Todo estilista pode ser considerado artista? Talvez sim, se levarmos em consideração que todos criam. Mas nem todos criam, alguns só copiam. Que confusão! Mas é nessa confusão que quero começar a falar dele, que sim, pode ser considerado um artista. Para mim, poucos criadores brasileiros (e famosos) entram nesse seleto grupo de artistas. Entre eles estão Gloria Coelho, Reinaldo Lourenço, Alexandre Herchcovitch e, mais recentemente, Samuel Cirnansk.

É difícil arrancar uma expressão minha durante um desfile. Não que alguém preste atenção em mim, mas eu fico mais na minha. Mas nesta edição foi difícil não demonstrar nada. Talvez seja porque era o último desfile da temporada do SPFW, mas eu chorei no fim do desfile do Samuel.

Talvez isso devesse ser lei: todo desfile deve emocionar quem o assiste. Mas enquanto não é, comemoro os que conseguem. E o desfile quase perfeito do Samuel está entre meus the best desta edição do evento.

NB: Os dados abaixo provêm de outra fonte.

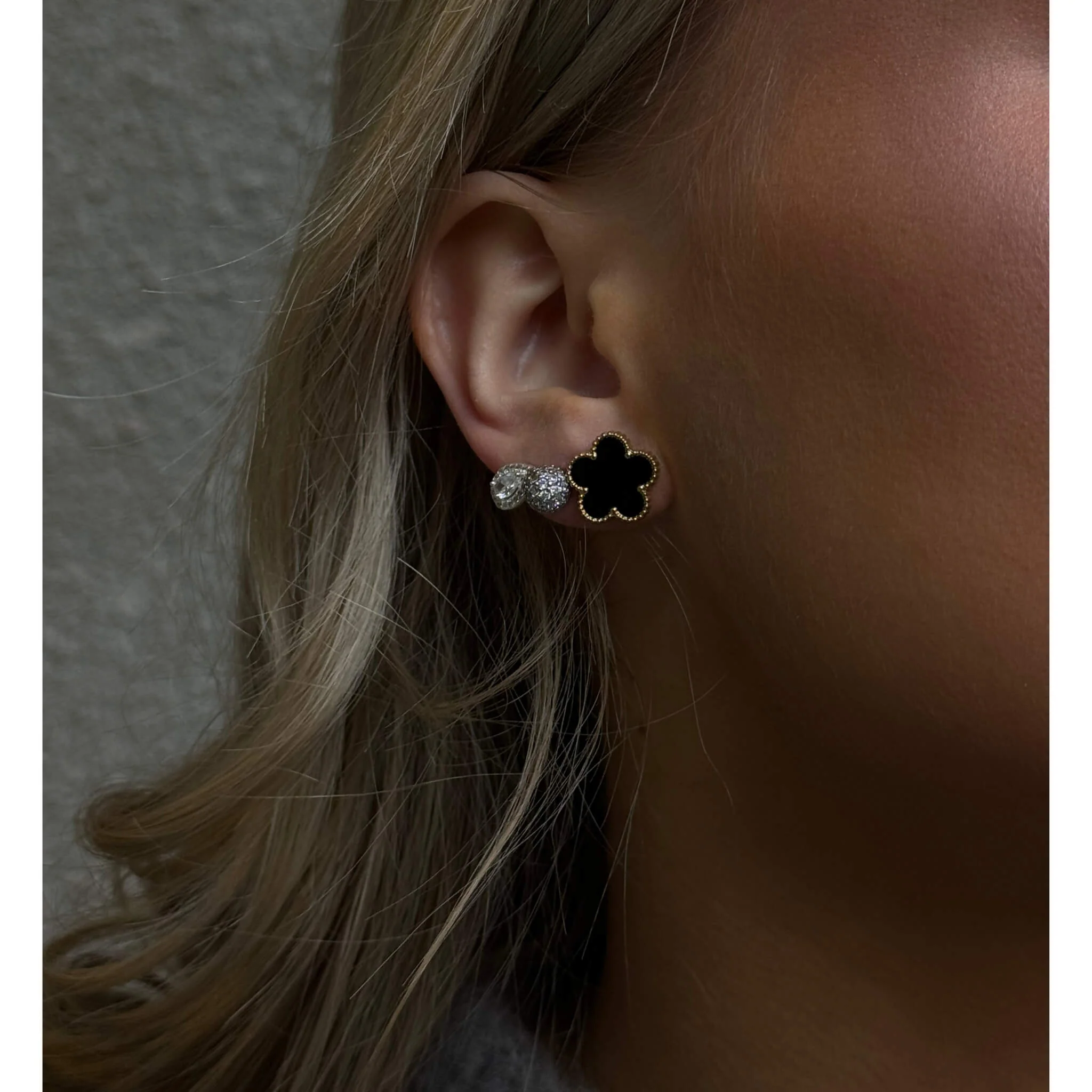 Lana earrings By Olivia - Image 2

Tudo casou: os vestidos, a trilha, a passarela ladeada por balanços. Foi uma atmosfera muito bem pensada e criada, mostrando que tudo estava em harmonia, desde o estilo, até a equipe de cenografia.

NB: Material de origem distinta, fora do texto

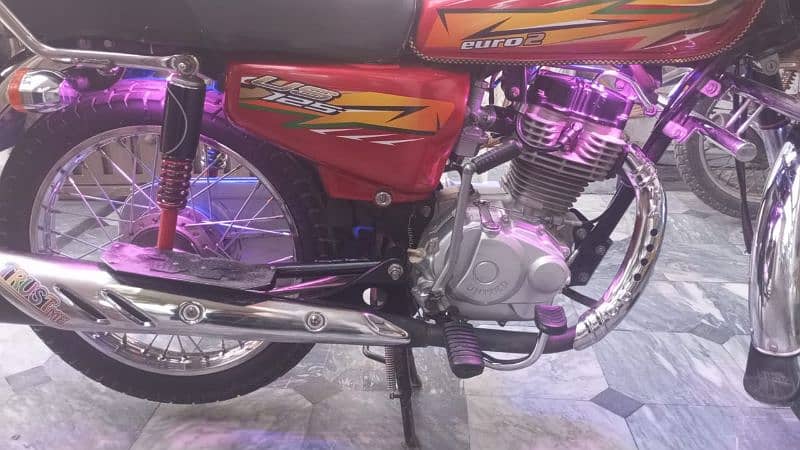 United Honda 125 1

O trabalho de Samuel é exagerado, e assumidamente segue essa linha. Ele sabe usar uma tesoura e um pedaço de tecido como poucos e faz efeitos incríveis em qualquer pedaço de pano. Prova disso foi a coleção de inverno, onde trabalhou com restos de tecidos desfiados e que ninguém dizia que não eram peles.

Muitos compararam o desfile aos trabalhos de Alexander McQueen. Mas acredito que isso não seja uma coisa negativa. Afinal, se ele se inspirou, buscou isso no lugar certo.  Afinal, poucos souberam e poucos saberão criar um show como ele soube.

Mas falando sobre as roupas. Mesmo usando e abusando das transparências, recortes ousados, tecidos desfiados, e mega bordados, a coleção ficou linda. A cartela de cores foi básica. Foi do bege, pro preto, pro branco. Nada muito ousado, permitindo que ele brincasse muito com os materiais.

Os looks desse post são os meus preferidos do desfile. Mas confesso que foi difícil escolher só eles. Por mim publicaria os 24. Mas o penúltimo foi meu “the best of”, sem sombra de dúvidas.